Methodological advancements paired with measured multi-omics data using high-throughput technologies enable capturing a comprehensive snapshot of distinct biological entities. In particular, low-cost, culture-independent omics profiling has made omics surveys of human health, other hosts, and the environment feasible at an unprecedented scale. The resulting data have stimulated the development of new statistical and computational approaches to analyze and integrate omics data, including human gene expression, microbial gene products, metabolites, and proteins, among others.

Metabolomics data generated from diverse platforms are often analyzed individually; we aim to combine metabolite profiles and feed them into generic downstream analysis software with proper appreciation of the data's statistical properties, resulting in more powerful results and biological inferences. Further, there is also an overwhelmingly extensive collection of downstream analysis software platforms, and appropriately selecting the best tool can be difficult for untrained researchers and non-specialists.

Also, we present a high-level introduction to computational multi-omics, highlighting the state-of-the-art in the field and outstanding challenges geared towards downstream analysis methods. The workshop will include formulating biological hypotheses and identifying the statistical methods currently available to achieve them. The workshop is project-focused and uses a hands-on approach. Participants are encouraged to attend with a specific study or project in mind for the application of the workshop content in the short term. The workshop will use real data for the exercises.

Rationale for Workshop

A joint effort will run this workshop between George Washington University and Merck Research Laboratories, with open and FAIR resources available on GitHub. Researchers from industry and academia will come together to share a diverse perspective on the topic, both from drug discovery and basic science angles, enabling attendees to achieve a holistic view of multi-omics and clinical data integration through state-of-the-art tools applied to motivating examples and use cases. We will begin with an overview of the statistical challenges inherent in analyzing the high-dimensional data that is typical of multi-omics studies.

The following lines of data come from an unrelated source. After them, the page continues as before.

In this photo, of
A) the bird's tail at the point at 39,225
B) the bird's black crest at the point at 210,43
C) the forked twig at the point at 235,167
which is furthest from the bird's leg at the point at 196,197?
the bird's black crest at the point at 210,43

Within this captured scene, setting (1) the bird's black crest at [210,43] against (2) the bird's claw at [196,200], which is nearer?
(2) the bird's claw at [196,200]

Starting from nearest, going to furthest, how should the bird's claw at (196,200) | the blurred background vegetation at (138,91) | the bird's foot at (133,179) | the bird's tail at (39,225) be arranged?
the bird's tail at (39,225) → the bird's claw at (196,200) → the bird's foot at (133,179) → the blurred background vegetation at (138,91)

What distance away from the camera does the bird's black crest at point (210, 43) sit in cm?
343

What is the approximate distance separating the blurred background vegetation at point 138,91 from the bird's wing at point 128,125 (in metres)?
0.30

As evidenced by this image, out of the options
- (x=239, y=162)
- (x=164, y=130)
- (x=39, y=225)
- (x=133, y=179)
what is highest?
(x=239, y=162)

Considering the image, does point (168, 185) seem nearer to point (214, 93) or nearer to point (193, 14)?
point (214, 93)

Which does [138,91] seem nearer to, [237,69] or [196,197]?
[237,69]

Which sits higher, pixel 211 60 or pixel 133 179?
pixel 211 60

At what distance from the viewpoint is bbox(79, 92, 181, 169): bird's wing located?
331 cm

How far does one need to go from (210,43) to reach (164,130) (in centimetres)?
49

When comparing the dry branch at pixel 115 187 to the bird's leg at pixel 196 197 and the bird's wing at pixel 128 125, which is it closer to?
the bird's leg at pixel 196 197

Introductory lectures will include: 1) The challenges associated with precisely testing for multivariable association in population-scale meta-omics studies, 2) challenges and advances in pathway enrichment analyses, including techniques and characterization of omics features, 3) meta-analysis of metabolomics datasets for high-sensitivity discovery and integration with other types of data such as metagenomics data.

Learning objectives

  1. Workshop attendees will use tools for metabolomics meta-analysis through multi-study data scaling, integration, and harmonization using massSight tool.
  2. Workshop attendees will use tools for pattern discovery in multi-omics with metabolomics data, including
  • Tweedieverse tutorial and Tweedieverse examples: A unified statistical framework for differential analysis of multi-omics,
  • omePath: omics pathway enrichment analysis
  • omeClust: Omics community detection using multi-resolution clustering, interspersed with lecture content, attendees will work through multi-omics analysis tutorials; and
  1. Attendees will practice generating publication-quality figures and effective visualization of the results.

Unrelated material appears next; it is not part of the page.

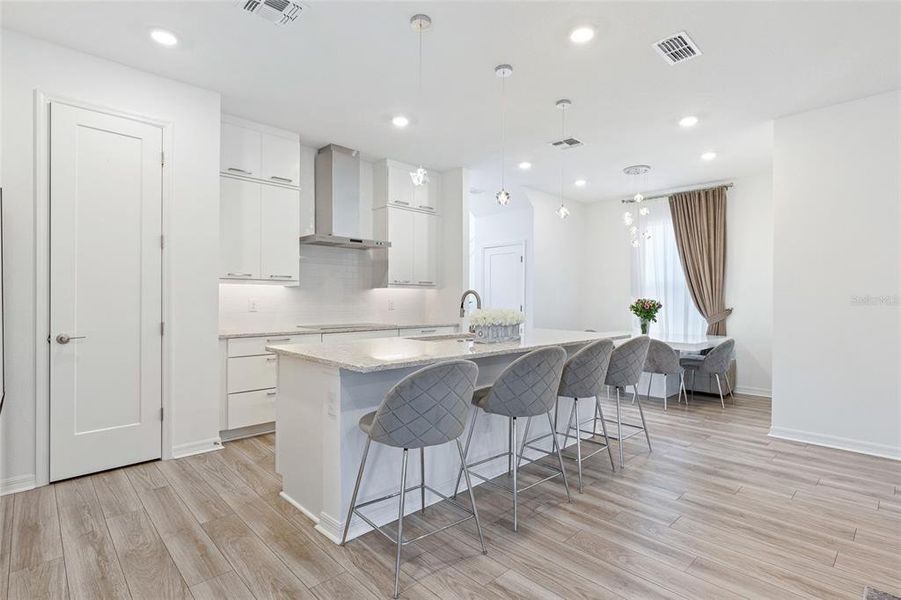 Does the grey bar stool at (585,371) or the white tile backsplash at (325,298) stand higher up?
the white tile backsplash at (325,298)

Learning outcomes for participants

Participants will:

  1. Be able to apply novel techniques (such as massSight) to combine metabolite profiles and perform meta-analysis of metabolomics data.
  2. Understand statistical properties of metabolomics data and challenges for multivariable association testing in population-scale meta-omics studies.
  3. Understand how to apply pathway enrichment analysis to metabolomic data using a variety of statistical methods implemented in omePath, and
  4. Be able to perform a meta-analysis of metabolomics datasets by combining multiple studies data and perform pairwise association testing with other omics profiles in population-scale datasets.

Prepration

Preparation tasks are optional. However, they help the organizers to focus on scientific discussion rather than troubleshooting technical issues.

  • Install the latest R and Rstudio on your local computer
  • Install the listed software in the learning objectives
  • Try to run demos of each software
  • Bring your data to apply these techniques

Tips

  • For windows OS please use Command Prompt with admin access

Organizers

Ali Rahnavard: George Washington University (Organizer, Instructor)

Himel Mallick: Cornell University (Instructor)

Acknowledgement

This material is based upon work supported by the National Science Foundation under Grant Number (2109688), Bill & Melinda Gates Foundation under Investment number (016930).